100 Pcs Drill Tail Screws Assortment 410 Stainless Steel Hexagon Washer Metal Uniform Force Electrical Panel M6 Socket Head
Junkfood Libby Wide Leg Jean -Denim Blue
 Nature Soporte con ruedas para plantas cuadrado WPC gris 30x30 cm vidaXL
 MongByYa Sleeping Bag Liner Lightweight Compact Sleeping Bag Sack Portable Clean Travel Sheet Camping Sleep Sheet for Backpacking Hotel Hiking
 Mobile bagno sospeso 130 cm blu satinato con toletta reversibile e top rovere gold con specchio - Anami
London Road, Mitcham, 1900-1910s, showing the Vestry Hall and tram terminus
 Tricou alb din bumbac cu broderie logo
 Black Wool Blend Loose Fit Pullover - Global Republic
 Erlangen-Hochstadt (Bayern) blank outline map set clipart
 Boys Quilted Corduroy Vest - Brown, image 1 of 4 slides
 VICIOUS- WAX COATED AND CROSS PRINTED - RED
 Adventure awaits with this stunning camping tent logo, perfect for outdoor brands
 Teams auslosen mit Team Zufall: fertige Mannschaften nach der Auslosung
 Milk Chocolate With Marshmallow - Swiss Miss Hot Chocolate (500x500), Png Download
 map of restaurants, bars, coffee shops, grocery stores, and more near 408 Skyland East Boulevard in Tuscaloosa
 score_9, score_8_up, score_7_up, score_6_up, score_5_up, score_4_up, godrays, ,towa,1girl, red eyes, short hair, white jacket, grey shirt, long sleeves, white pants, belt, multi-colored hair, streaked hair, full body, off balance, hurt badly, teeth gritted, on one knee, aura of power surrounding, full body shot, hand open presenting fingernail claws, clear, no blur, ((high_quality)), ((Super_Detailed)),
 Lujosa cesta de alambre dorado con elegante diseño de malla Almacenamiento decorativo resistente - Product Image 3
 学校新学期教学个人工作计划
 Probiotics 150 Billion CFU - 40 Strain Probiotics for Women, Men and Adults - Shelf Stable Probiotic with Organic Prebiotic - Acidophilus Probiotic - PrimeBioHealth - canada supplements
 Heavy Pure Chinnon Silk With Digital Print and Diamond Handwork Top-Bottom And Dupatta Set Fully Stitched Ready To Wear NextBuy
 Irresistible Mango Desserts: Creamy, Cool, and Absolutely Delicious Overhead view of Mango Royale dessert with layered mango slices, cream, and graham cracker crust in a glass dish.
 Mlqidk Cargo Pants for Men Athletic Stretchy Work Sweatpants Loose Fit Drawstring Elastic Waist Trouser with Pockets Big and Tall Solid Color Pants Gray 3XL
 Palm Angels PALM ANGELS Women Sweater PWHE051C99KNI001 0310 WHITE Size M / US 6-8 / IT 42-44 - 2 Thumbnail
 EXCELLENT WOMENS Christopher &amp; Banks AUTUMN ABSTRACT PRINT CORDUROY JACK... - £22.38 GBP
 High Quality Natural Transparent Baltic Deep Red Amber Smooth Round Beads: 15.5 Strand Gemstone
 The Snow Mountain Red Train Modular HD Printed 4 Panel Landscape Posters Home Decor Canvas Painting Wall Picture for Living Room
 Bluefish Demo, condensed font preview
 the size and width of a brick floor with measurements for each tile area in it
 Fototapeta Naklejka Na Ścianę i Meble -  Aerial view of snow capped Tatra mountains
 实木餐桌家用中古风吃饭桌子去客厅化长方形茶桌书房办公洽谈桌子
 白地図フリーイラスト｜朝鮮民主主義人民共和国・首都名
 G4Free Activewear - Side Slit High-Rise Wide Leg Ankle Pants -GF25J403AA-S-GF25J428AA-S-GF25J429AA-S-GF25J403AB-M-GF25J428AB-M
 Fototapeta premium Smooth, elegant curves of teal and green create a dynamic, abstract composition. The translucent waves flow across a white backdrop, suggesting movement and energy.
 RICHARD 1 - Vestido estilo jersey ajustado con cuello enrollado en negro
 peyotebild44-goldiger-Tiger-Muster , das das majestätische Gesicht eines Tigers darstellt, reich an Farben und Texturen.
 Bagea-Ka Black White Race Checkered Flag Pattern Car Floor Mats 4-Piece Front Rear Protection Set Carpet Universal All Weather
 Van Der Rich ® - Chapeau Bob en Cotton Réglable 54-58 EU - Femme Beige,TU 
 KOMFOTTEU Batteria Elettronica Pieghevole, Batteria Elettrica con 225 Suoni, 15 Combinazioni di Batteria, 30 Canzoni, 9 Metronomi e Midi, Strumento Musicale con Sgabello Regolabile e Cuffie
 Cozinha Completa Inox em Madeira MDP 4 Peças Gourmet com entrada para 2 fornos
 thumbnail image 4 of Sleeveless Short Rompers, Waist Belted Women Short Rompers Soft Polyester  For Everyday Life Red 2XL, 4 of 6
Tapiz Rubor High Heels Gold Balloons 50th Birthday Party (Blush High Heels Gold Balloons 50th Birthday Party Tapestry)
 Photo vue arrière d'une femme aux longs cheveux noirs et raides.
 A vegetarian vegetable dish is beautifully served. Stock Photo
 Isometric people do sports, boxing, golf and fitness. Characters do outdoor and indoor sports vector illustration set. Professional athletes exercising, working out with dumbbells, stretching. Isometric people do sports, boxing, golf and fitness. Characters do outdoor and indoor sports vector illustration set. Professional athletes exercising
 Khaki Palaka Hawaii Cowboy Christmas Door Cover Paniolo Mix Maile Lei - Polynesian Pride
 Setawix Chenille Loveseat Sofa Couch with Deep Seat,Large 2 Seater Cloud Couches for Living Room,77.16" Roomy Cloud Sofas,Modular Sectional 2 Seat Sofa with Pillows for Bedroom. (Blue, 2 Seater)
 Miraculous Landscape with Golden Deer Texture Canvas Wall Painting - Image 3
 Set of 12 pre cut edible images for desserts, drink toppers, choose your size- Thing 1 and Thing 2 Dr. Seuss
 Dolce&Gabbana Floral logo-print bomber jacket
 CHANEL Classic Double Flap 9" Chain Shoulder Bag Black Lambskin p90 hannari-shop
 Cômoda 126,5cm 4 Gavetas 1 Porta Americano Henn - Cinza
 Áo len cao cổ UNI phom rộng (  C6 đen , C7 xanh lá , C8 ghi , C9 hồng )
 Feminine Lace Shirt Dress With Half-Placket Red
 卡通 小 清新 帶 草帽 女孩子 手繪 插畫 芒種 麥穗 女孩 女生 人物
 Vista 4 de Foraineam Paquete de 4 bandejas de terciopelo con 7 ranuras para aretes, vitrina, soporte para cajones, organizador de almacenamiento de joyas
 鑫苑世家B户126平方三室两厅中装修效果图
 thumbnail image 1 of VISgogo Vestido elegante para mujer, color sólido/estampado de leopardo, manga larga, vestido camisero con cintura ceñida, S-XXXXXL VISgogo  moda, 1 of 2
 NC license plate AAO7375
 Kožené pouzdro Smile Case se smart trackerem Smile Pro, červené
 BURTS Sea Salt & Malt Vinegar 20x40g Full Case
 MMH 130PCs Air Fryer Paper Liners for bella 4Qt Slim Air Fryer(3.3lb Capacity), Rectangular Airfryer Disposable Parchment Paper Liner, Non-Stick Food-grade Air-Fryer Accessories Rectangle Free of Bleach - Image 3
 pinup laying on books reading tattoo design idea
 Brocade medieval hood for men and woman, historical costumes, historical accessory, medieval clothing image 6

## Problem
Every one of the entries must be printed exactly.

## Written response
100 Pcs Drill Tail Screws Assortment 410 Stainless Steel Hexagon Washer Metal Uniform Force Electrical Panel M6 Socket Head
Junkfood Libby Wide Leg Jean -Denim Blue
 Nature Soporte con ruedas para plantas cuadrado WPC gris 30x30 cm vidaXL
 MongByYa Sleeping Bag Liner Lightweight Compact Sleeping Bag Sack Portable Clean Travel Sheet Camping Sleep Sheet for Backpacking Hotel Hiking
 Mobile bagno sospeso 130 cm blu satinato con toletta reversibile e top rovere gold con specchio - Anami
London Road, Mitcham, 1900-1910s, showing the Vestry Hall and tram terminus
 Tricou alb din bumbac cu broderie logo
 Black Wool Blend Loose Fit Pullover - Global Republic
 Erlangen-Hochstadt (Bayern) blank outline map set clipart
 Boys Quilted Corduroy Vest - Brown, image 1 of 4 slides
 VICIOUS- WAX COATED AND CROSS PRINTED - RED
 Adventure awaits with this stunning camping tent logo, perfect for outdoor brands
 Teams auslosen mit Team Zufall: fertige Mannschaften nach der Auslosung
 Milk Chocolate With Marshmallow - Swiss Miss Hot Chocolate (500x500), Png Download
 map of restaurants, bars, coffee shops, grocery stores, and more near 408 Skyland East Boulevard in Tuscaloosa
 score_9, score_8_up, score_7_up, score_6_up, score_5_up, score_4_up, godrays, ,towa,1girl, red eyes, short hair, white jacket, grey shirt, long sleeves, white pants, belt, multi-colored hair, streaked hair, full body, off balance, hurt badly, teeth gritted, on one knee, aura of power surrounding, full body shot, hand open presenting fingernail claws, clear, no blur, ((high_quality)), ((Super_Detailed)),
 Lujosa cesta de alambre dorado con elegante diseño de malla Almacenamiento decorativo resistente - Product Image 3
 学校新学期教学个人工作计划
 Probiotics 150 Billion CFU - 40 Strain Probiotics for Women, Men and Adults - Shelf Stable Probiotic with Organic Prebiotic - Acidophilus Probiotic - PrimeBioHealth - canada supplements
 Heavy Pure Chinnon Silk With Digital Print and Diamond Handwork Top-Bottom And Dupatta Set Fully Stitched Ready To Wear NextBuy
 Irresistible Mango Desserts: Creamy, Cool, and Absolutely Delicious Overhead view of Mango Royale dessert with layered mango slices, cream, and graham cracker crust in a glass dish.
 Mlqidk Cargo Pants for Men Athletic Stretchy Work Sweatpants Loose Fit Drawstring Elastic Waist Trouser with Pockets Big and Tall Solid Color Pants Gray 3XL
 Palm Angels PALM ANGELS Women Sweater PWHE051C99KNI001 0310 WHITE Size M / US 6-8 / IT 42-44 - 2 Thumbnail
 EXCELLENT WOMENS Christopher &amp; Banks AUTUMN ABSTRACT PRINT CORDUROY JACK... - £22.38 GBP
 High Quality Natural Transparent Baltic Deep Red Amber Smooth Round Beads: 15.5 Strand Gemstone
 The Snow Mountain Red Train Modular HD Printed 4 Panel Landscape Posters Home Decor Canvas Painting Wall Picture for Living Room
 Bluefish Demo, condensed font preview
 the size and width of a brick floor with measurements for each tile area in it
 Fototapeta Naklejka Na Ścianę i Meble -  Aerial view of snow capped Tatra mountains
 实木餐桌家用中古风吃饭桌子去客厅化长方形茶桌书房办公洽谈桌子
 白地図フリーイラスト｜朝鮮民主主義人民共和国・首都名
 G4Free Activewear - Side Slit High-Rise Wide Leg Ankle Pants -GF25J403AA-S-GF25J428AA-S-GF25J429AA-S-GF25J403AB-M-GF25J428AB-M
 Fototapeta premium Smooth, elegant curves of teal and green create a dynamic, abstract composition. The translucent waves flow across a white backdrop, suggesting movement and energy.
 RICHARD 1 - Vestido estilo jersey ajustado con cuello enrollado en negro
 peyotebild44-goldiger-Tiger-Muster , das das majestätische Gesicht eines Tigers darstellt, reich an Farben und Texturen.
 Bagea-Ka Black White Race Checkered Flag Pattern Car Floor Mats 4-Piece Front Rear Protection Set Carpet Universal All Weather
 Van Der Rich ® - Chapeau Bob en Cotton Réglable 54-58 EU - Femme Beige,TU 
 KOMFOTTEU Batteria Elettronica Pieghevole, Batteria Elettrica con 225 Suoni, 15 Combinazioni di Batteria, 30 Canzoni, 9 Metronomi e Midi, Strumento Musicale con Sgabello Regolabile e Cuffie
 Cozinha Completa Inox em Madeira MDP 4 Peças Gourmet com entrada para 2 fornos
 thumbnail image 4 of Sleeveless Short Rompers, Waist Belted Women Short Rompers Soft Polyester  For Everyday Life Red 2XL, 4 of 6
Tapiz Rubor High Heels Gold Balloons 50th Birthday Party (Blush High Heels Gold Balloons 50th Birthday Party Tapestry)
 Photo vue arrière d'une femme aux longs cheveux noirs et raides.
 A vegetarian vegetable dish is beautifully served. Stock Photo
 Isometric people do sports, boxing, golf and fitness. Characters do outdoor and indoor sports vector illustration set. Professional athletes exercising, working out with dumbbells, stretching. Isometric people do sports, boxing, golf and fitness. Characters do outdoor and indoor sports vector illustration set. Professional athletes exercising
 Khaki Palaka Hawaii Cowboy Christmas Door Cover Paniolo Mix Maile Lei - Polynesian Pride
 Setawix Chenille Loveseat Sofa Couch with Deep Seat,Large 2 Seater Cloud Couches for Living Room,77.16" Roomy Cloud Sofas,Modular Sectional 2 Seat Sofa with Pillows for Bedroom. (Blue, 2 Seater)
 Miraculous Landscape with Golden Deer Texture Canvas Wall Painting - Image 3
 Set of 12 pre cut edible images for desserts, drink toppers, choose your size- Thing 1 and Thing 2 Dr. Seuss
 Dolce&Gabbana Floral logo-print bomber jacket
 CHANEL Classic Double Flap 9" Chain Shoulder Bag Black Lambskin p90 hannari-shop
 Cômoda 126,5cm 4 Gavetas 1 Porta Americano Henn - Cinza
 Áo len cao cổ UNI phom rộng (  C6 đen , C7 xanh lá , C8 ghi , C9 hồng )
 Feminine Lace Shirt Dress With Half-Placket Red
 卡通 小 清新 帶 草帽 女孩子 手繪 插畫 芒種 麥穗 女孩 女生 人物
 Vista 4 de Foraineam Paquete de 4 bandejas de terciopelo con 7 ranuras para aretes, vitrina, soporte para cajones, organizador de almacenamiento de joyas
 鑫苑世家B户126平方三室两厅中装修效果图
 thumbnail image 1 of VISgogo Vestido elegante para mujer, color sólido/estampado de leopardo, manga larga, vestido camisero con cintura ceñida, S-XXXXXL VISgogo  moda, 1 of 2
 NC license plate AAO7375
 Kožené pouzdro Smile Case se smart trackerem Smile Pro, červené
 BURTS Sea Salt & Malt Vinegar 20x40g Full Case
 MMH 130PCs Air Fryer Paper Liners for bella 4Qt Slim Air Fryer(3.3lb Capacity), Rectangular Airfryer Disposable Parchment Paper Liner, Non-Stick Food-grade Air-Fryer Accessories Rectangle Free of Bleach - Image 3
 pinup laying on books reading tattoo design idea
 Brocade medieval hood for men and woman, historical costumes, historical accessory, medieval clothing image 6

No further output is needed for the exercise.